What is risk and who bears it? Typically, risk is assigned to those with the fewest resources. Investments to low-income communities and communities of color are often denied because they are deemed “too risky.” In this webinar, participants challenge those assumptions and discuss strategies that they implement to shift risk to those who can afford to bear it and facilitate the building of wealth in low-income communities and communities of color. Participating in the discussion are:
- Deborah Frieze, based in Boston, is president and founder of the Boston Impact Initiative, a place-based impact investing nonprofit that aims to close the racial wealth gap by changing the rules of how capital flows through communities of color.

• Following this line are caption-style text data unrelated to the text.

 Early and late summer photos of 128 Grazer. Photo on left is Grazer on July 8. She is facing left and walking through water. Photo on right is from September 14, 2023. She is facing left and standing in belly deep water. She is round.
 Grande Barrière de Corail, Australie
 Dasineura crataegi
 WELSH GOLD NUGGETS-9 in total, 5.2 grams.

- Kate Khatib, based in Baltimore, is co-director of Seed Commons, a national network of locally rooted, non-extractive loan funds that support worker co-op development in over two dozen cities.
- Ojan Mobedshahi, based in Oakland, California, is finance director of East Bay Permanent Real Estate Cooperative, a community-led cooperative that buys and preserves real estate to keep tenants of color in Oakland.

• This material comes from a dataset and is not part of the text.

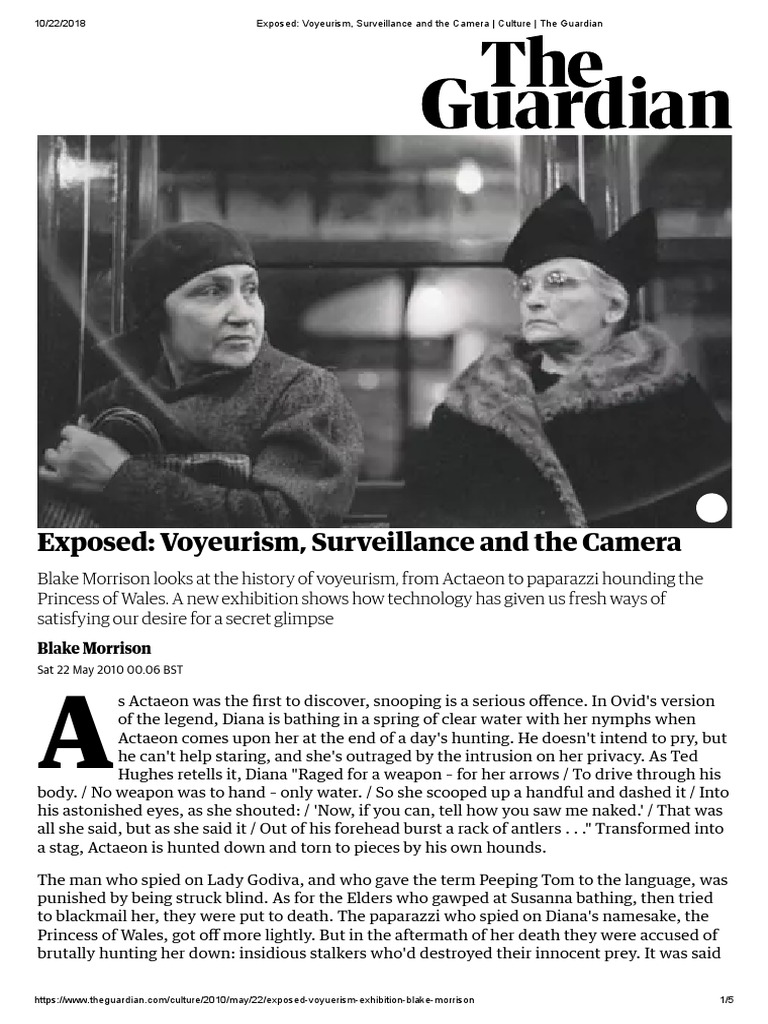 Exposed - Voyeurism, Surveillance and The Camera - Culture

Among the questions explored in this webinar are the following questions:
- How does contemporary capitalism assign investment risk? In what ways is risk shifted from those who are wealthy to those who are poor?

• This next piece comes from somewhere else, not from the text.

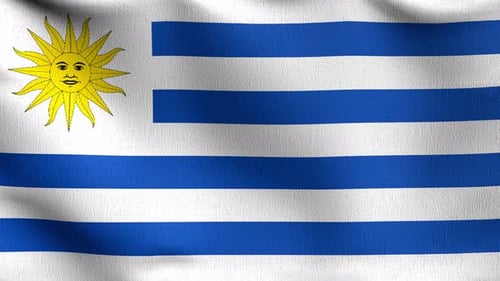 Seamless Loop 4K VDO. Uruguay national flag blowing in the wind isolated.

- What is integrated capital and how does it different from traditional capital?
- How does traditional risk assessment impact communities of color and marginalized communities?
- What are some promising approaches to “de-risk” community-based projects?
- What does it mean to use non-extractive finance? How does it differ from conventional business lending?
- What role can public policy play in shifting who bears business risk?
- What steps can nonprofits and philanthropy take to help change how risk impedes wealth building in low-income and BIPOC communities?
Resources
Oscar Perry Abello, “Worker-Owned Cooperatives are Building Their Own Investment Network,” Next City, January 28, 2021.
Steve Dubb, “Redesigning Capital: Cohort Explores New Ways to Finance BIPOC Businesses,” NPQ, October 6, 2021
Samuel H. Gabru and Courtney J. Brunson, 2021-2022 Massachusetts Black Economy Policy Agenda: Envisioning a New Normal, Boston, MA: Black Economic Council of Massachusetts (BECMA), May 19, 2021.
Marissa Kendall, “Historic Oakland blues club to get new life as housing, art space,” East Bay Times, October 18, 2021.
Sarah Miller, “Community-Driven Bay Area Alliance Leads to More Sustainable Housing,” NPQ, September 6, 2019.
Astra Taylor and Eleni Schirmer, “Why Debtors Must Organize: Shifting Risk to Where It Belongs,” NPQ, February 22, 2022.